[Start of section]

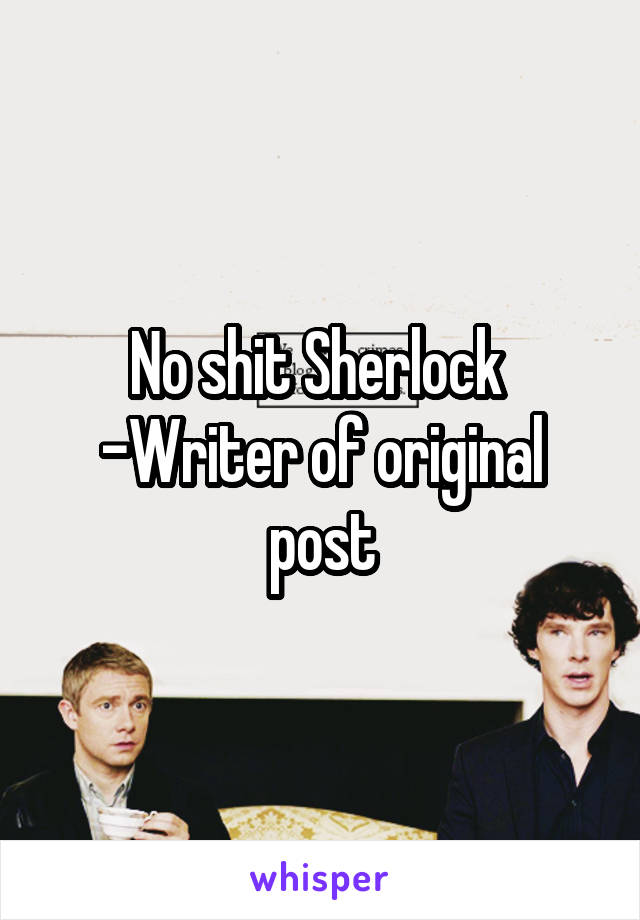 No shit Sherlock 
-Writer of original post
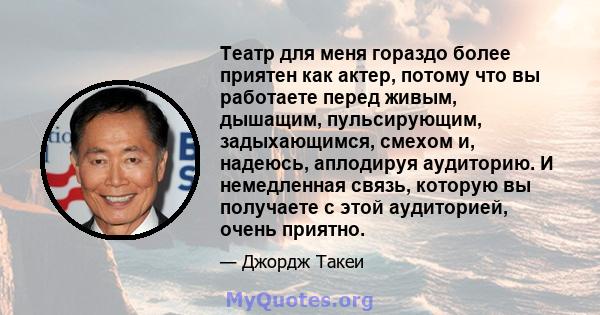 Театр для меня гораздо более приятен как актер, потому что вы работаете перед живым, дышащим, пульсирующим, задыхающимся, смехом и, надеюсь, аплодируя аудиторию. И немедленная связь, которую вы получаете с этой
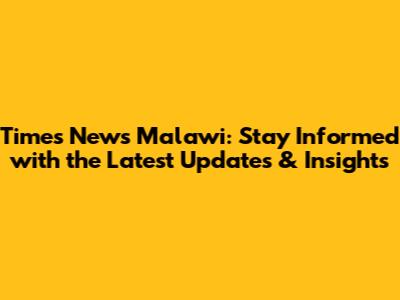 Times News Malawi: Stay Informed with the Latest Updates & Insights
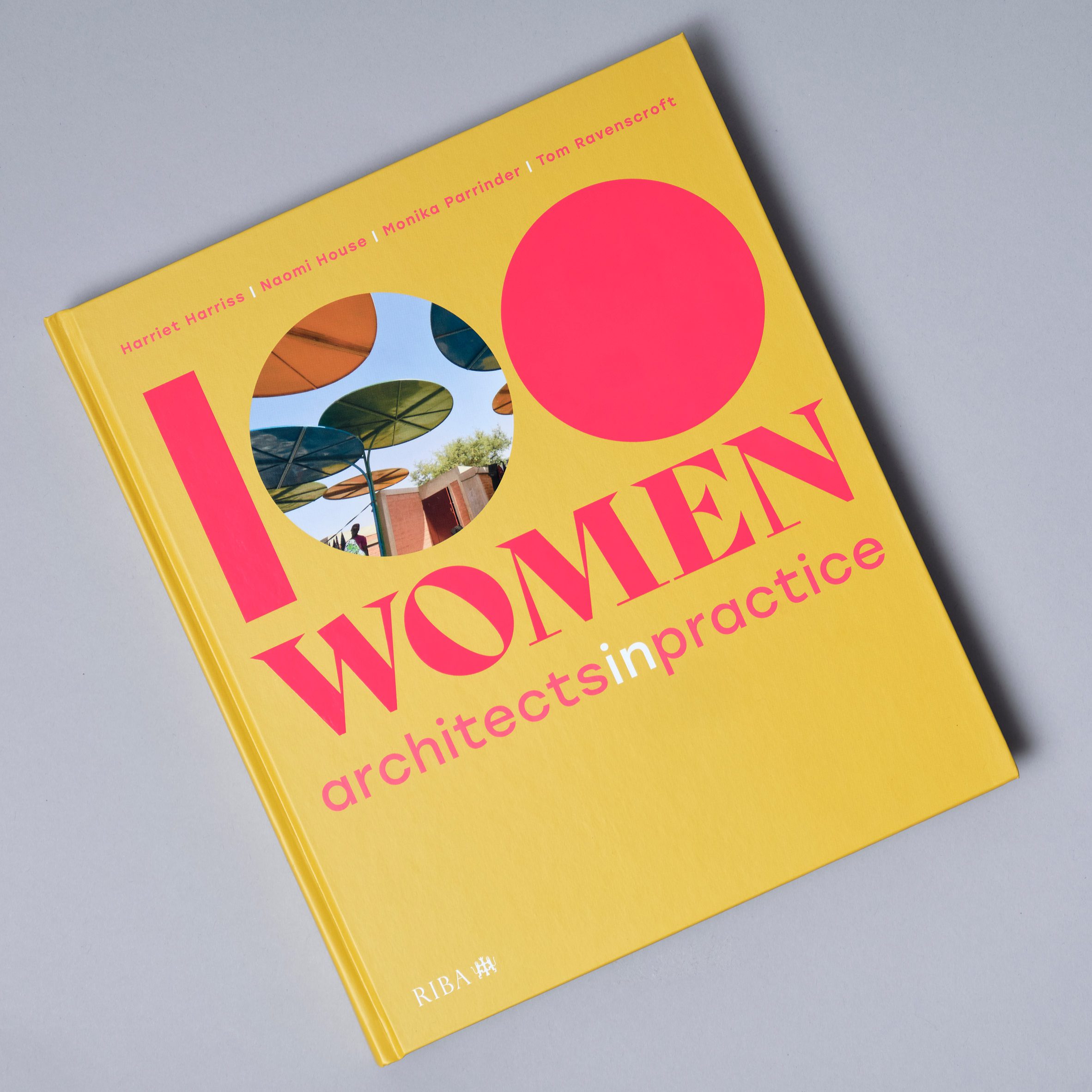 100 Women: Architects in Practice by Harriet Harriss, Naomi House, Monika Parrinder and Tom Ravenscroft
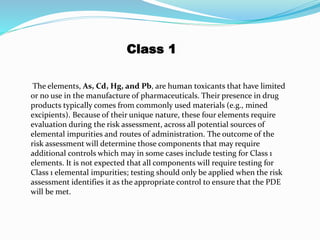 Class 1
The elements, As, Cd, Hg, and Pb, are human toxicants that have limited
or no use in the manufacture of pharmaceuticals. Their presence in drug
products typically comes from commonly used materials (e.g., mined
excipients). Because of their unique nature, these four elements require
evaluation during the risk assessment, across all potential sources of
elemental impurities and routes of administration. The outcome of the
risk assessment will determine those components that may require
additional controls which may in some cases include testing for Class 1
elements. It is not expected that all components will require testing for
Class 1 elemental impurities; testing should only be applied when the risk
assessment identifies it as the appropriate control to ensure that the PDE
will be met.
 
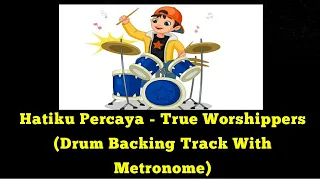 Hatiku Percaya - True Worshippers (Drum Backing Track With Metronome)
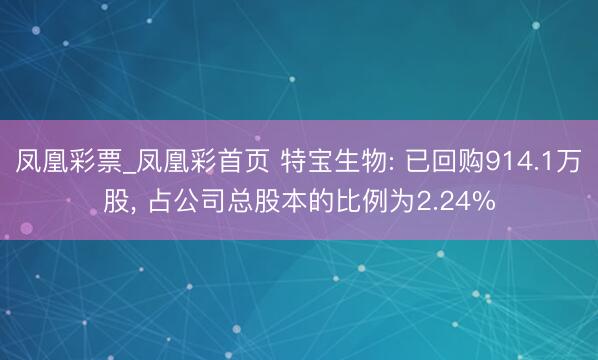 凤凰彩票_凤凰彩首页 特宝生物: 已回购914.1万股， 占公司总股本的比例为2.24%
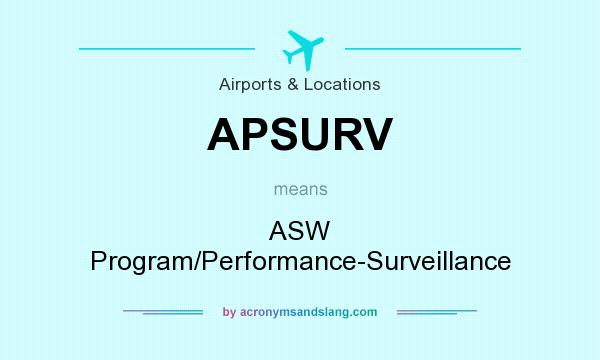 What does APSURV mean? It stands for ASW Program/Performance-Surveillance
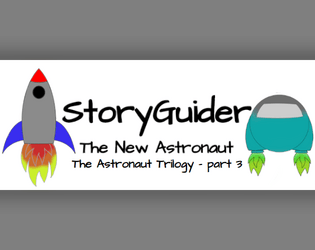 StoryGuider: The New Astronaut  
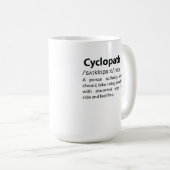 Cyclopath Funny Dictionary Definition Kaffeetasse (VorderseiteRechts)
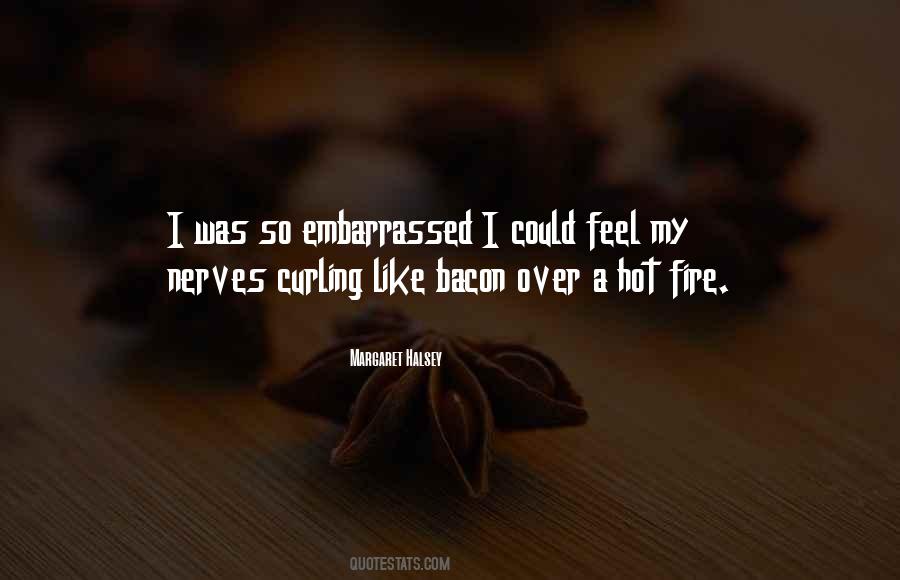 I Feel Embarrassed Quotes #1642715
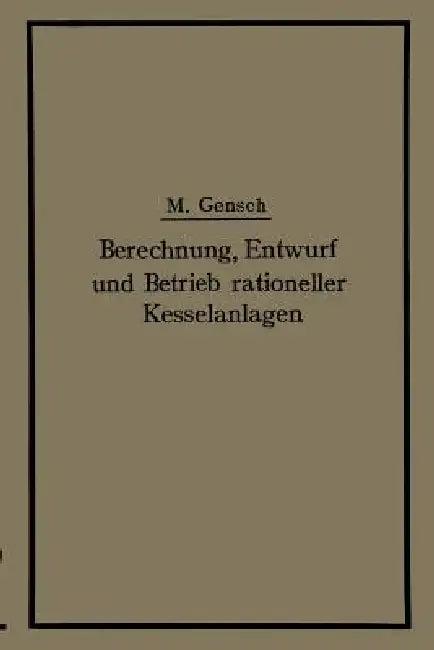 Berechnung, Entwurf Und Betrieb Rationeller Kesselanlagen (English, Max Gensch)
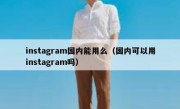 instagram国内能用么（国内可以用instagram吗）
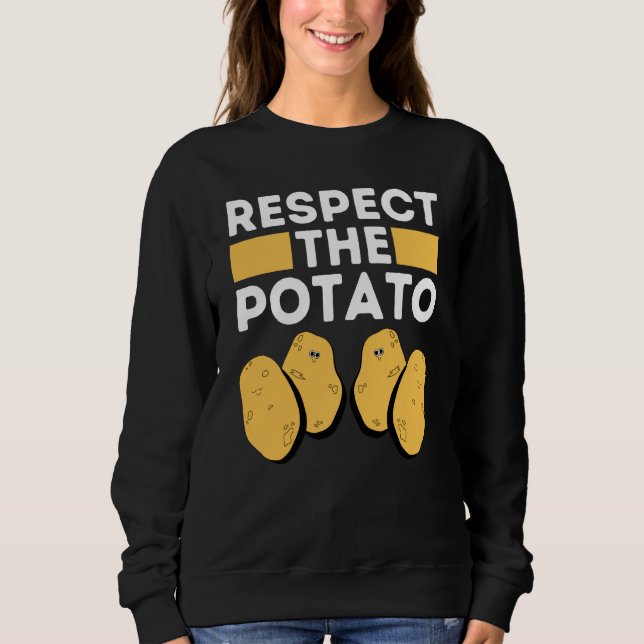 Respect The Potato Meme  Root Vegetable Potatoes P Sweatshirt (Vorderseite)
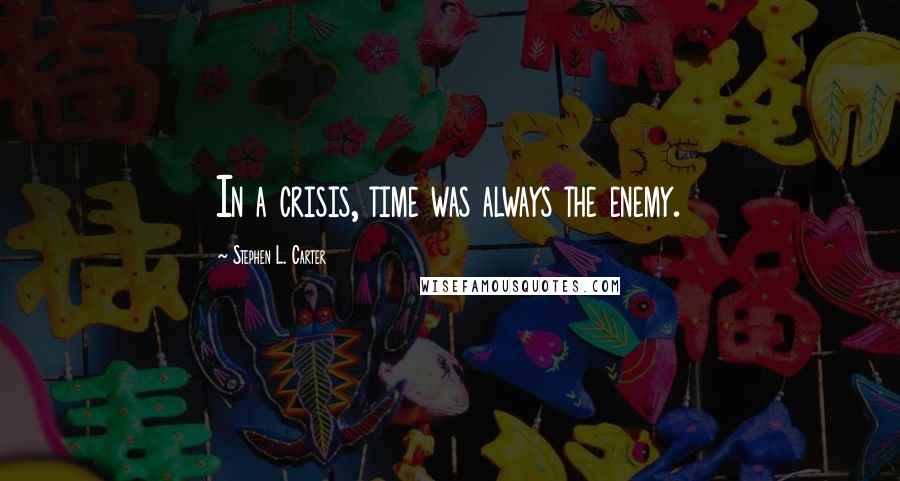 Stephen L. Carter Quotes: In a crisis, time was always the enemy.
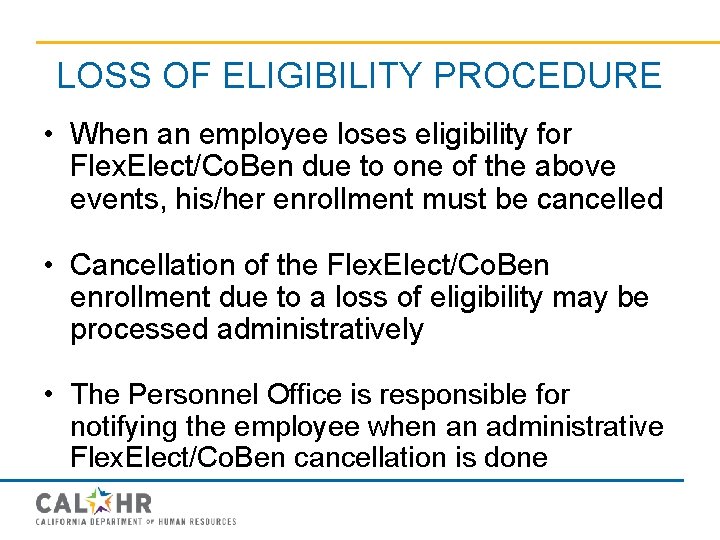 LOSS OF ELIGIBILITY PROCEDURE • When an employee loses eligibility for Flex. Elect/Co. Ben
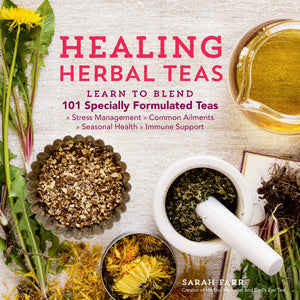 Healing Herbal Teas: Learn To Blend 101 Specially Formulated Teas For Stress Management, Common Ailments, Seasonal Health, And I
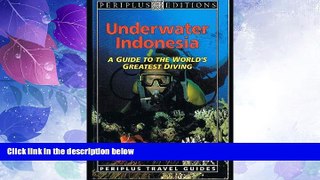 Big Deals  Underwater Indonesia (Indonesia Travel Guide) by Kal Muller (1992-07-31)  Full Read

[End of section]

TASK TO COMPLETE: Please state how many lines in the records above hold the word "will", giving only the number.

SOLUTION TO THE EXERCISE: 3